前世のワニ狩りの楽しい思い出。ネコのニェネントとの暮らし。

『日時計』シャーリイ・ジャクスン:著 渡辺庸子:訳

 1958年発表の、シャーリイ・ジャクスンの長篇小説第4作。このあとは『山荘綺談』、『ずっとお城で暮らしてる』と、「(世界から隔離された)屋敷モノ」がつづくけれども、この『日時計』もまた「(世界から隔離された)屋敷モノ」ではあり、登場人物らはその屋敷で、「世界から隔離された」状況下で生きることになる。

 シャーリイ・ジャクスンの小説は登場人物が少ないのが基本だけれども、この『日時計』は例外的に登場人物が大ぜい。舞台の「屋敷」の中で共に暮らす人々も10人以上いるし、終盤のクライマックスともいえる、町民を招いての屋敷芝庭での(この世の終わりの)大パーティーには、もっともっと大ぜいの町民も登場し、それぞれ短かいながらも「いい味」を出してくれる。
 しかし、「さすがにシャーリイ・ジャクスン」というか、屋敷に住む基本登場人物はほとんど女性で、いわゆる「男性原理」というものの外の世界なのではある(中心人物といえる「ハロラン夫人」は「男性原理」を屋敷に持ち込もうとしているようにも思えるけれども、それでもやはり「女帝」という言葉がお似合いである)。屋敷の主人のリチャード(ハロラン夫人の夫)は車椅子生活の半病人で、認知症の気配もあるし、屋敷の執事(図書室係)のエセックスは、姑息で強いものにへつらうだけで、シニカルなことを語ったりはするけれども中身は空っぽみたい。「あまりに屋敷に男がいないので」ということで連れて来られる放浪者のキャプテンは、わたしの読んだ限りではこの作品で唯一の「ノーマル」な存在に思われたが弱い(彼が「屋敷を出て行く」と希望してハロラン夫人と交わすやりとりには大笑いした)。

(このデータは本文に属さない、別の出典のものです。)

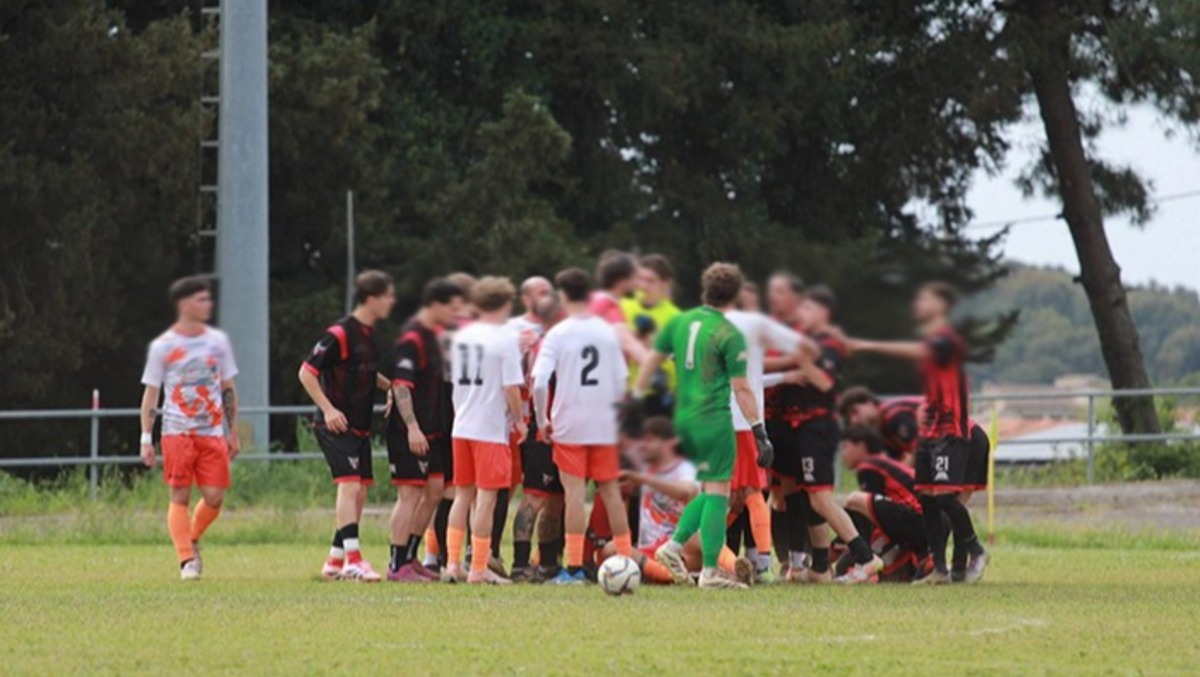 Espulso, torna in campo impugnando un coltello. Daspo per un calciatore pontino. - 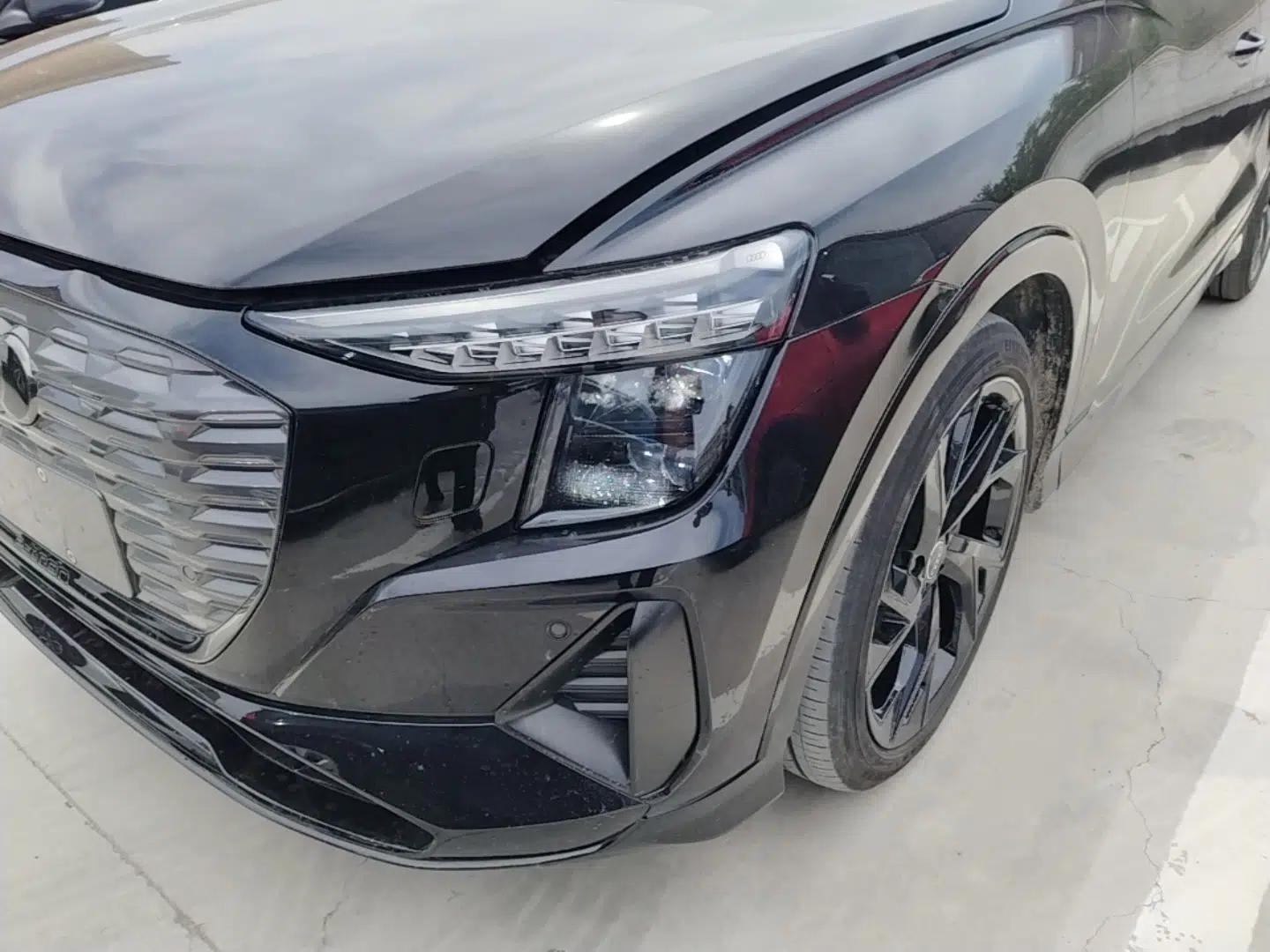 Audi Q5 e-tron 2023 40 e-tron Starry Edition Black Warrior Version — миниатюра 9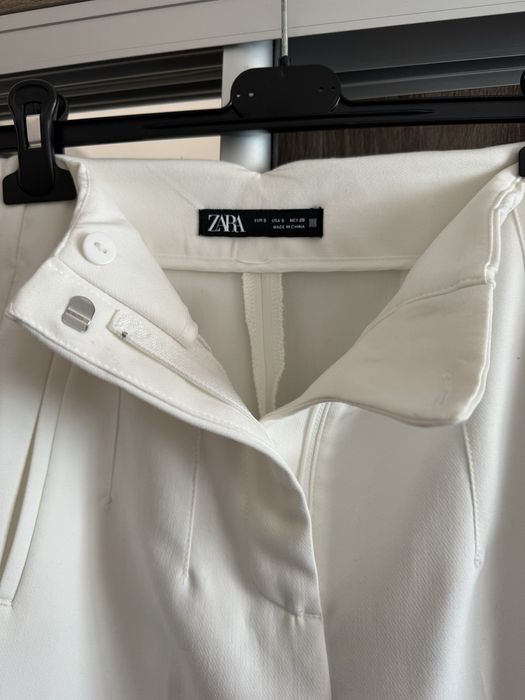 Жіночі класичні брюки Zara, розмір S, висока посадка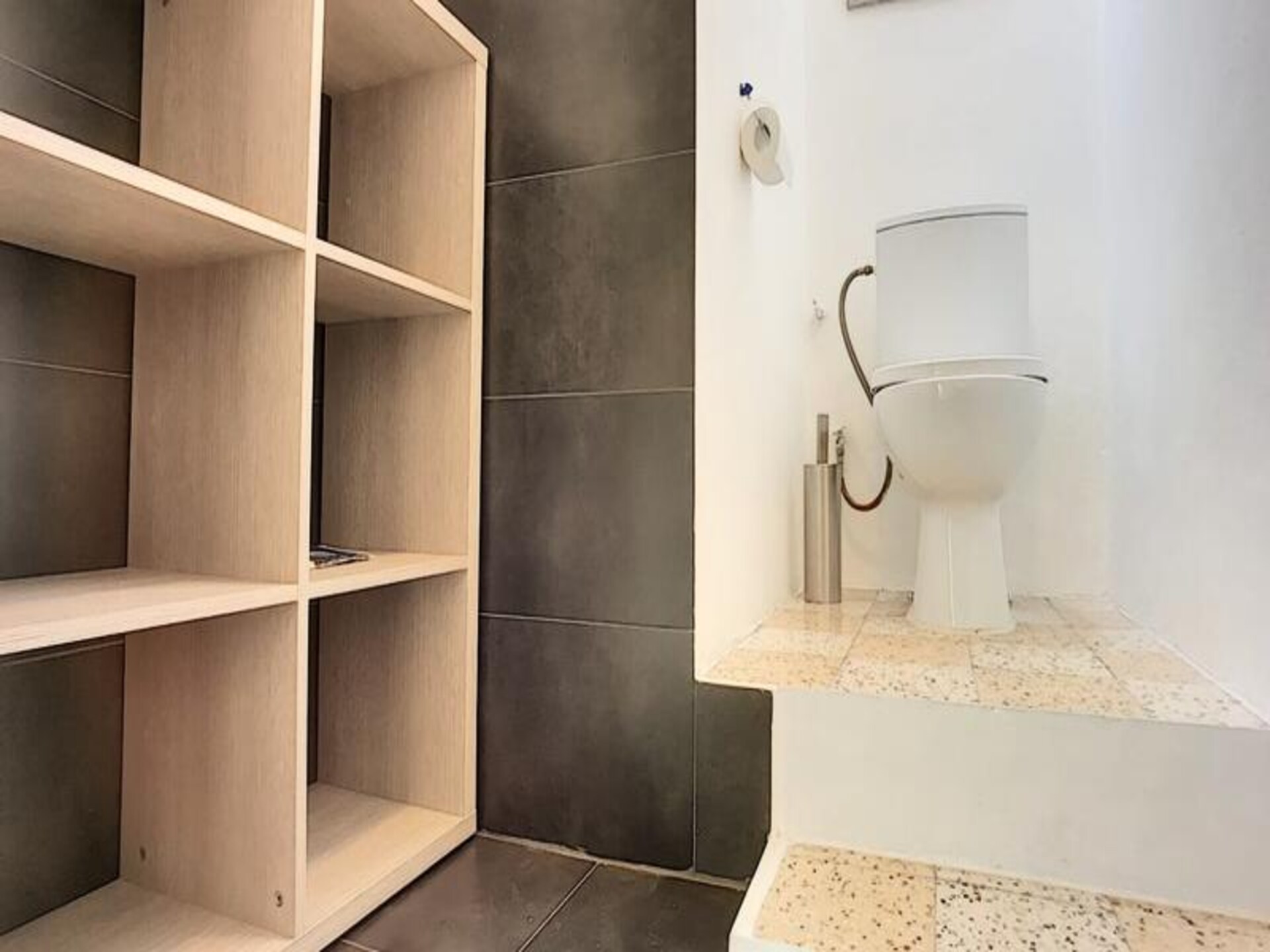 Authentiek appartement op de Provençaalse markt in hartje Antibes - foto 21
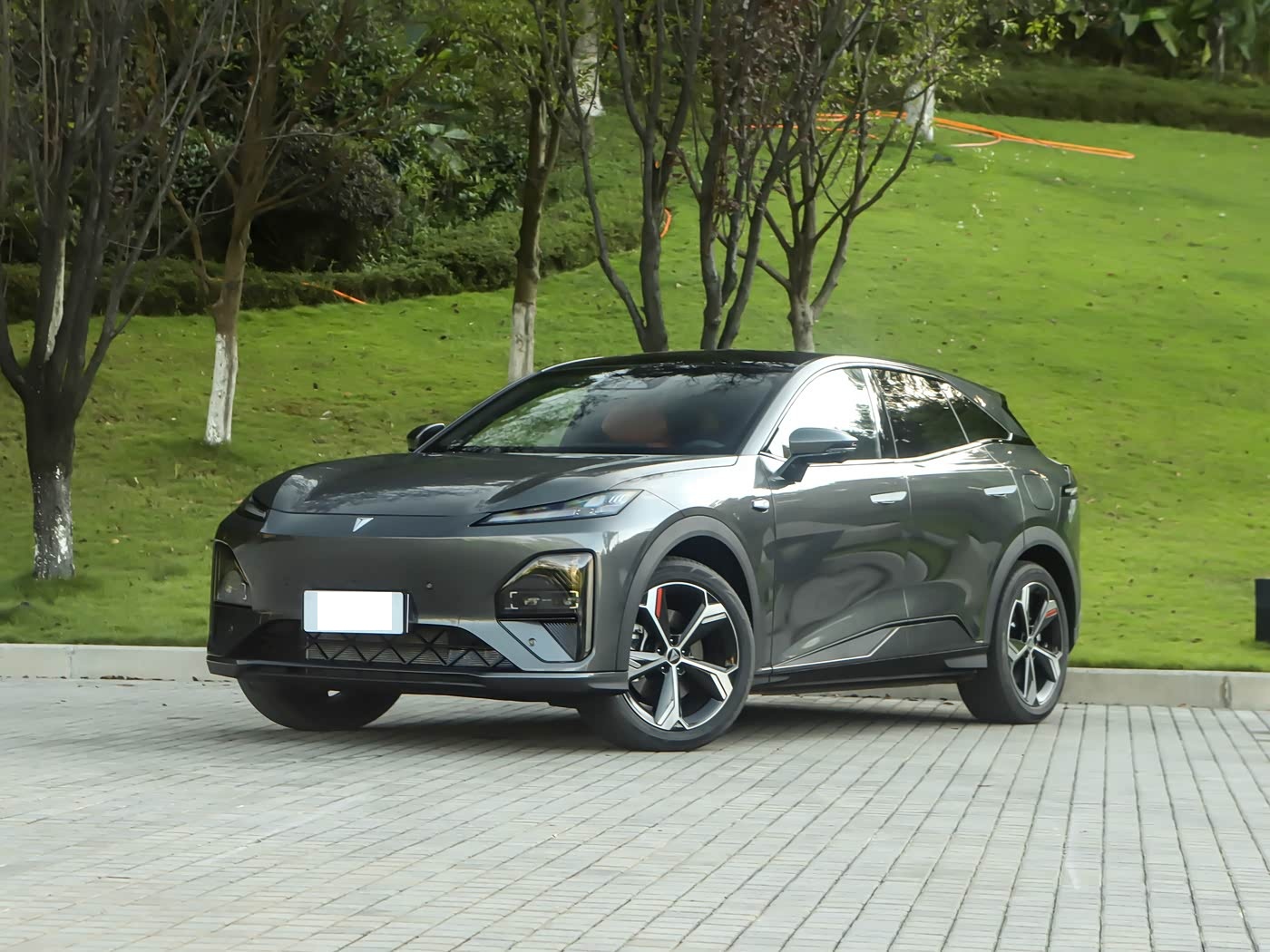 长安全新中型SUV上市很亲民，配纯电/增程双动力，纯电续航300Km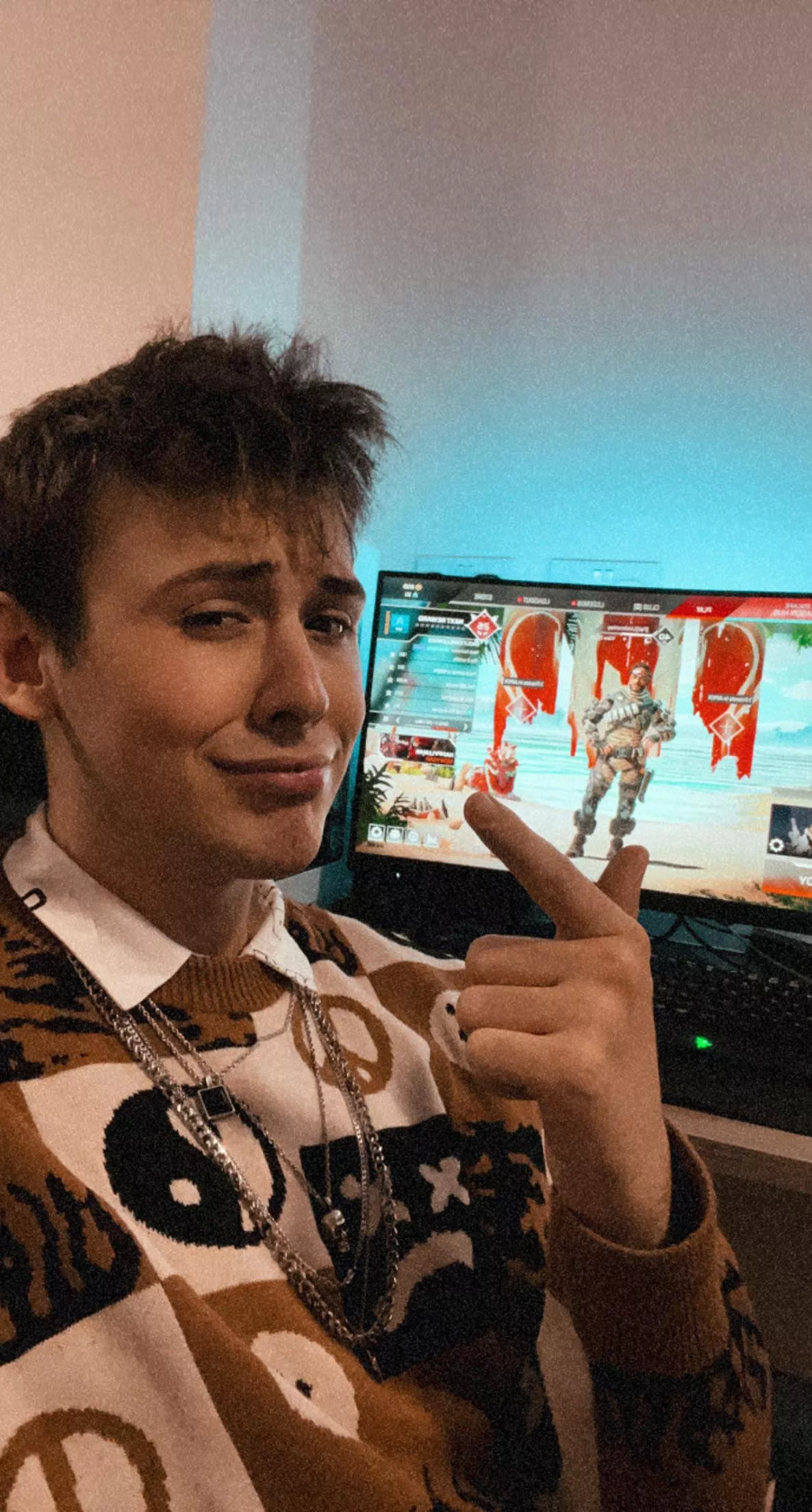 Does anyone play apex 💀😂 Does anyone play apex 💀😂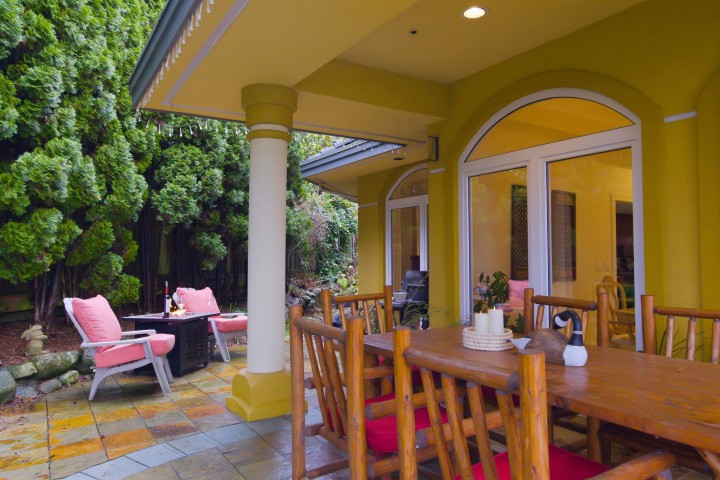 Photo 35 at 2635 Rosebery Avenue, Queens, West Vancouver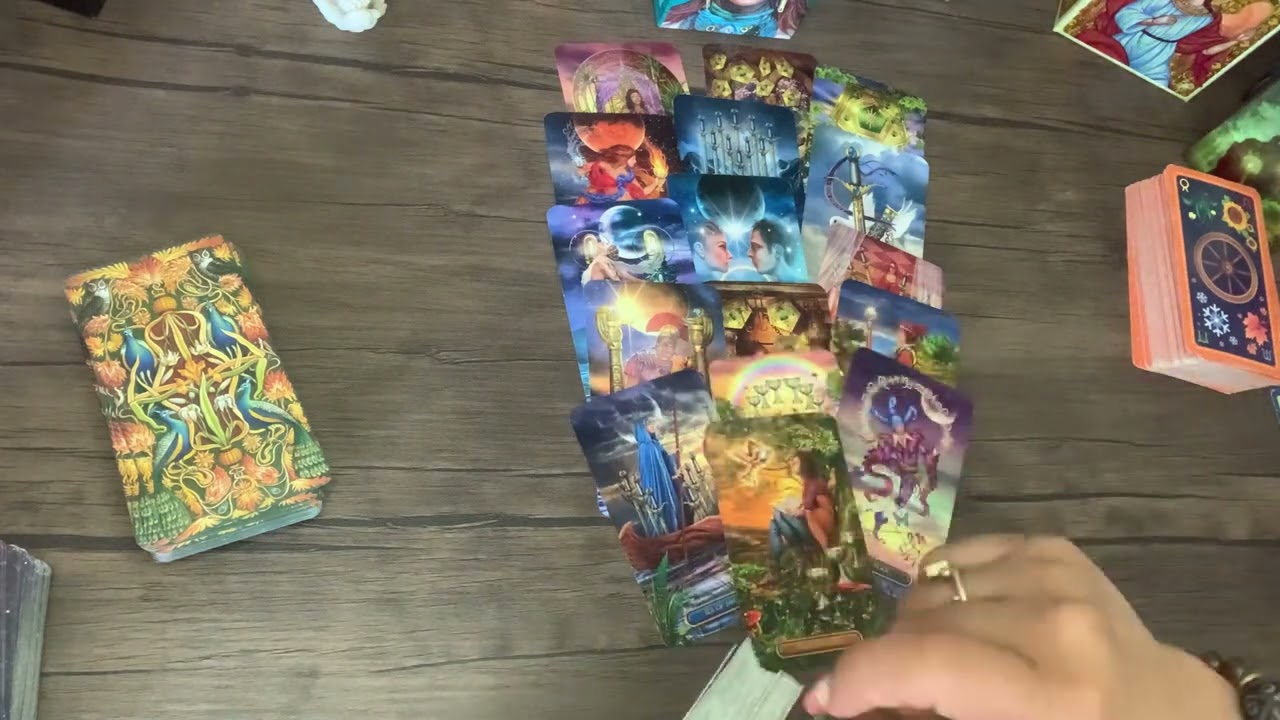 МУЖЧИНА МЛАДШЕ ЖЕНЩИНА СТАРШЕ, как будут развиваться эти отношения 🔥🔥💞💞☀️🌈 #мужчинамладше #таро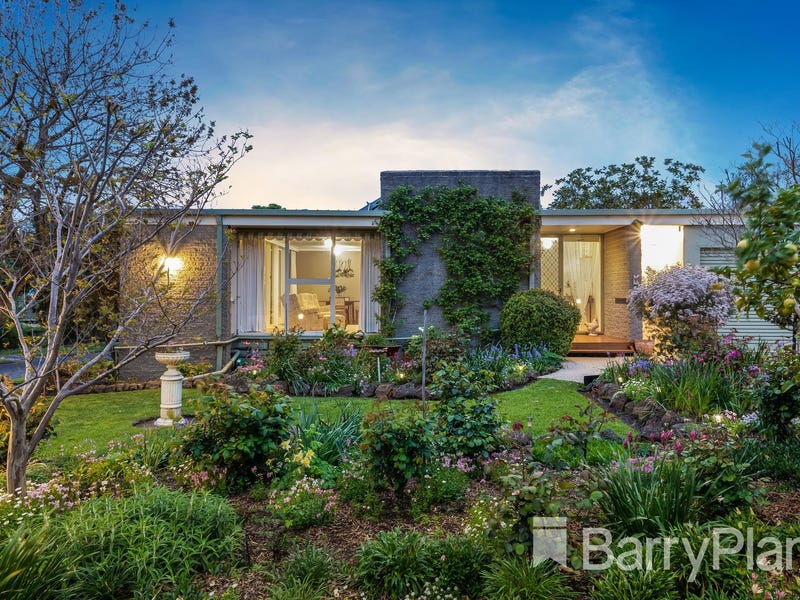 89 Thornhill Road Highton Vic 3216 Realestate Com Au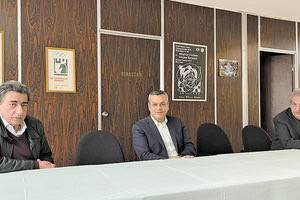 Ο κ. Μαμουλάκης με εκπροσώπους της Σκακιστικής Ομοσπονδίας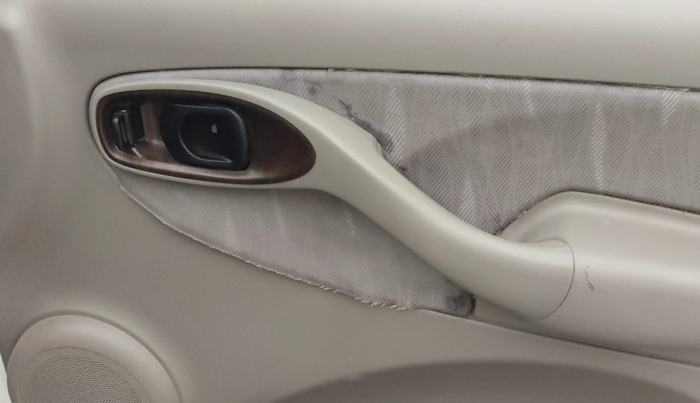 2013 Tata Indigo ECS LX CR4, Diesel, Manual, 42,861 km, Driver Side Door Panels Control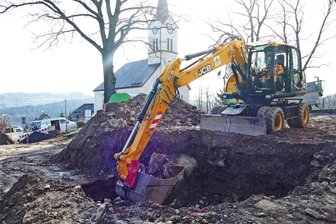 Tiefe Grube nahe der Kirche in Witzschdorf: Was es damit auf sich hat - Nahe der Kirche in Witzschdorf hebt ein Bagger ein großes Erdloch aus.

 物語は、この屋敷の所有者であるハロラン家の跡継ぎ、ライオネルが屋敷の階段から転げ落ちて死亡したあとから始まる。ライオネルの父リチャードの後妻、オリアナ・ハロラン夫人が屋敷全体の実権をにぎることになり、図書室係のエセックスや家庭教師のミス・オグルビーらに暇を出し、ライオネルの妻のメリージェーン、その娘のファンシーら、残る家族を屋敷の奥の部屋に追いやろうとし、「女帝」として屋敷に君臨しようとする。しかし実は屋敷内では「ライオネルはオリアナに階段で後ろから突き落とされて死んだのだ」と皆がうわさしているのだ。
 ところがそんなとき、当主リチャードの妹、48歳にして未婚、独身の「ファニーおばさま」が屋敷の庭を散策中、庭の中央の「日時計」の付近で濃い霧に包まれて道に迷い、そこに彼女のお父さま(当主のリチャードの父でもあり、この屋敷を造った人物)があらわれ、「世界は滅亡するであろう。しかし、この屋敷に残るものだけが生き残るであろう」と告げたのだ、と彼女は言う。
 そんな異常体験から回帰したファニーおばさんが屋敷の皆に自分の体験を語るのだが、屋敷の全員がその話をすっかり信用し、本気にするのだった。特にハロラン夫人がその「世界滅亡話」に入れ込み、屋敷の女帝として屋敷のメンバーのサヴァイヴァル計画を指揮することになるのだ。まあエセックスなんかはそんな話は信じていないフシもあるのだけれども、「ココは信じたフリをして行動すれば自分の利になるだろう」との狡猾な考えもあるようであった。
 折しも、ハロラン夫人の旧友のウィロー夫人が二人の娘のアラベラとジュリアを連れて屋敷を訪れてくるし、ハロラン夫人の親戚のグロリアという娘もやって来て、それぞれがファニーおばさまの「ハルマゲドン」話を信用するのだ。しかも、グロリアは鏡を使った「霊視」も出来るということで未来を透視し、さらに「ハルマゲドン」は確かなことになり、その最終期日もだんだんとわかってくるのであった。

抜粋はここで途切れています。